ECU’s VSLC offered two service trips including the one to Carteret County for students interested in environmental issues and learning about coastal communities. Another group went to Baltimore to learn about hunger and homelessness.

Each group lived on a $7 per day budget, an amount that could easily be spent on lunch in Greenville. The amount is on average a little more than what a food stamp recipient in North Carolina receives per day.

“Part of it is to immerse them in the experience,” said Shifra Sered, AmeriCorps VISTA coordinator for VSLC and a Carteret County trip leader. “It’s one thing to serve people, but to see how much forethought, planning and stress is involved with living on this type of budget is important.”

Holly Buickerood, a junior middle grades education major, said she traveled to Baltimore because she wanted to make a difference. “I have come to find that what people believe hunger and homelessness is by simply from the outside looking in is completely different than what it actually is,” she said. “Homelessness isn’t just for people who do drugs or are criminals. It can be anyone.”

Nichelle Shuck, left, associate director for student leadership and educational programs at VSLC and ECU student Holly Buickerood work on home construction tasks during alternative spring break.

The students volunteered in homeless shelters, soup kitchens, Habitat builds and other related organizations. They slept on the floor at Lovely Lane United Methodist Church, the first United Methodist church in the United States. “We were able to submerge ourselves into the community and attempt to see Baltimore through the eyes of someone who is homeless rather than just a tourist,” Buickerood said. “We saw the good, bad and ugly. However, what we saw was real.”

Students spent the week thinking critically about social issues and spent time with people who have been or are homeless, said Nichelle Shuck, associate director for student leadership and educational programs at VSLC.

Students were challenged to role-play the lives of low-income families, from single parents trying to care for their children to senior citizens on Social Security. The task was to provide food, shelter and other basic necessities during the simulation while considering all of life’s circumstances, Shuck said.

The students learned about different types of non-profits and approaches to service while visiting 10 different sites in the Baltimore area. Some of the students questioned how they could make a difference beyond the spring break experience and apply what they learned at home, Shuck said.

“We had very tough conversations with ourselves, each other, community leaders, and I believe that these students are going to keep searching for the answers,” Shuck said.

Students in Carteret County also discussed access to food and housing, community connections and environmental justice and how those things are related, said Meagan Smith, a VSLC staff member and trip leader. “We talked about what community means, and individual responsibility to community, tying into greater themes of social justice.”

Some students had visited Atlantic Beach on vacation, but hadn’t ventured much beyond the waves. “They are seeing a different side of the coastal region even if they’ve been here before,” Sered said. They worked closely with community partners and bunked at Camp Albemarle, a Presbyterian Church-affiliated summer camp in Newport.
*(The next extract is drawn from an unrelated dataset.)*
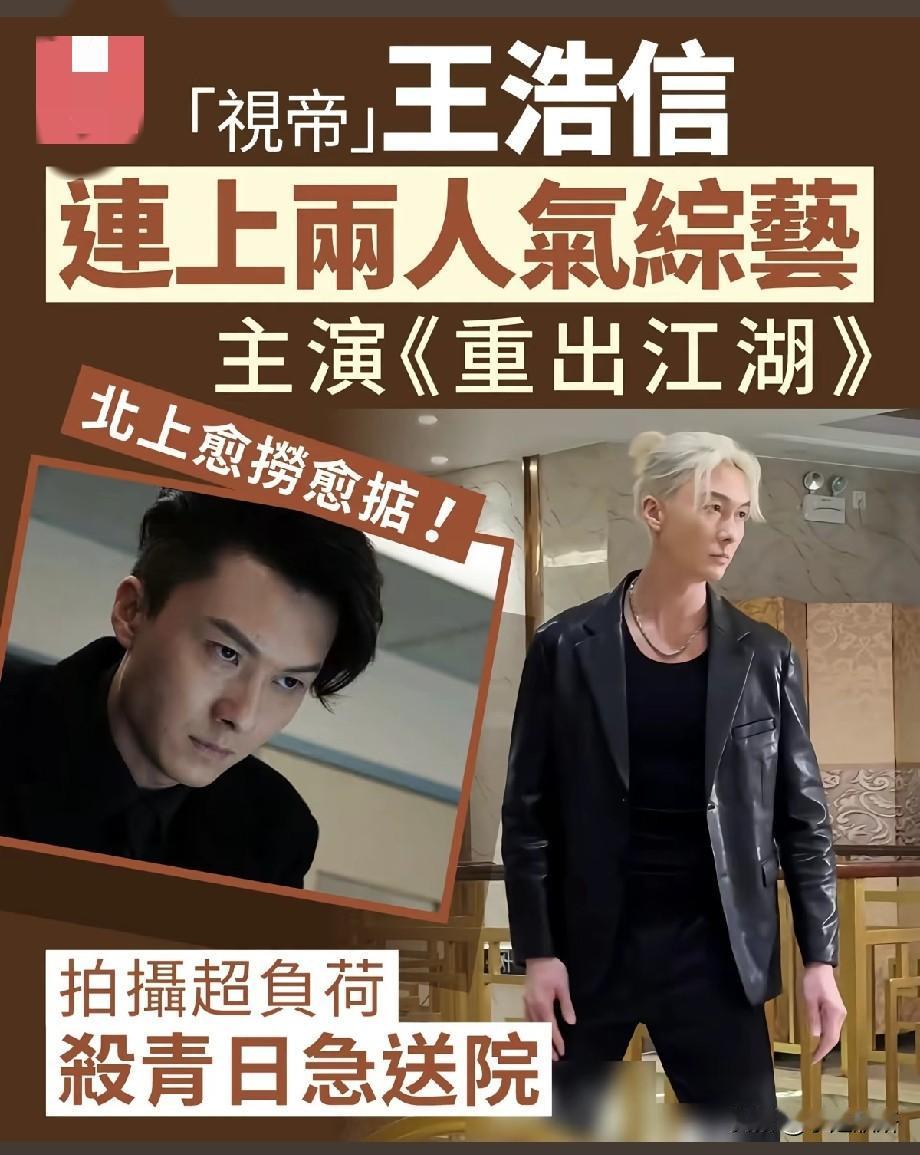 视帝王浩信北上发展行程拉满，拍戏超负荷杀青当日紧急送医
 
TVB视帝王浩信近年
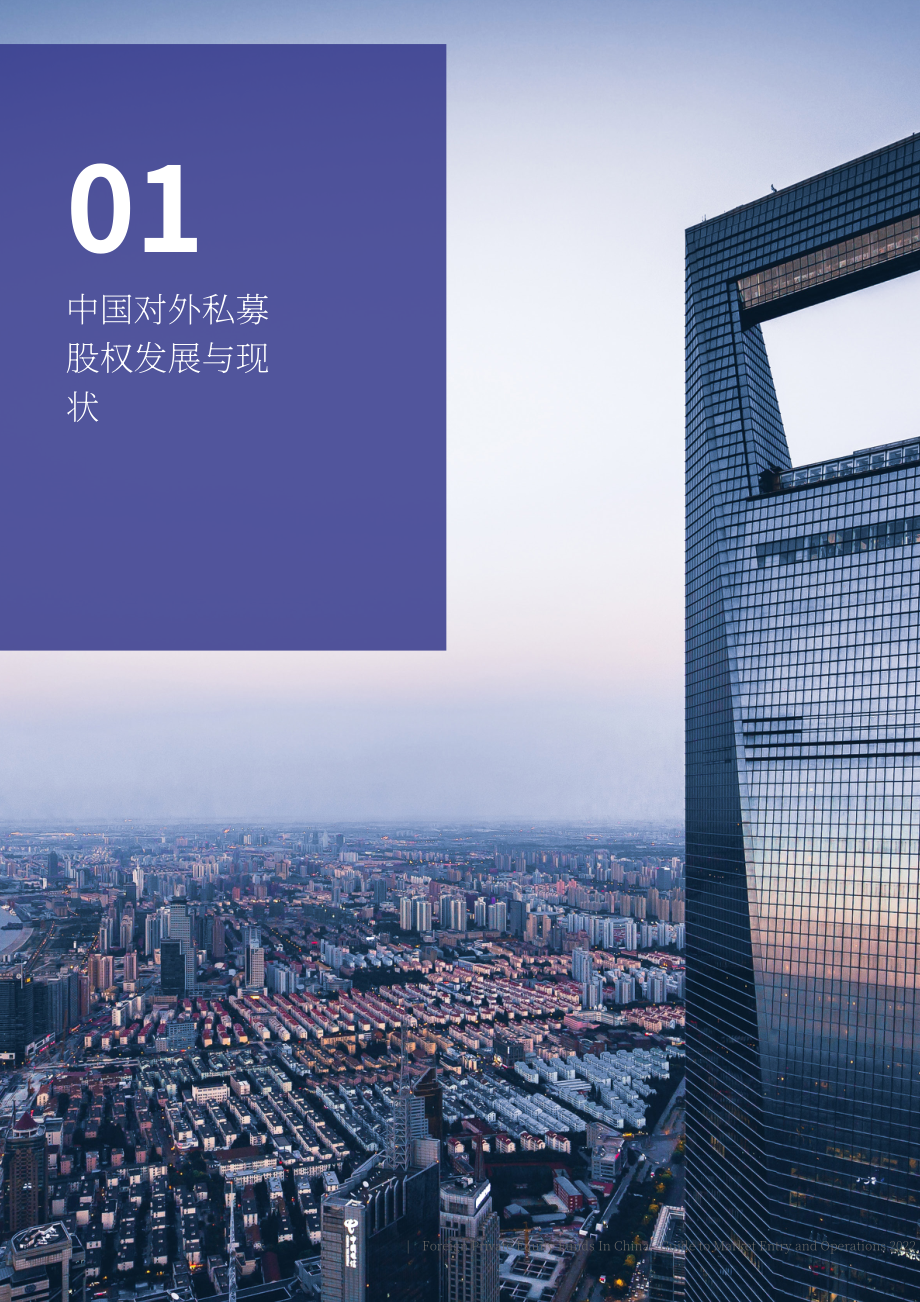 卓佳&君合律师事务所：2022中国外资私募股权基金市场准入及运营指南（英文版）（94页）.pdf_第8页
Bland, who works in habitat restoration and environmental education for the N.C. Coastal Federation, said ECU students have been helping over spring break at least three years. “They really get involved and ask so many questions. And that makes it fun for staff. It really helps us out with our mission and the things we’re trying to do,” he said.

Students were encouraged to spend time each evening reflecting individually in journals and collectively as a group. Students have been developing a group photo essay titled “This we believe” and will meet March 25 to finalize their projects, Shuck said.

ECU has offered an alternative spring break since 2005 when students helped with Hurricane Katrina disaster relief. Trips also have been offered through campus ministries and campus living.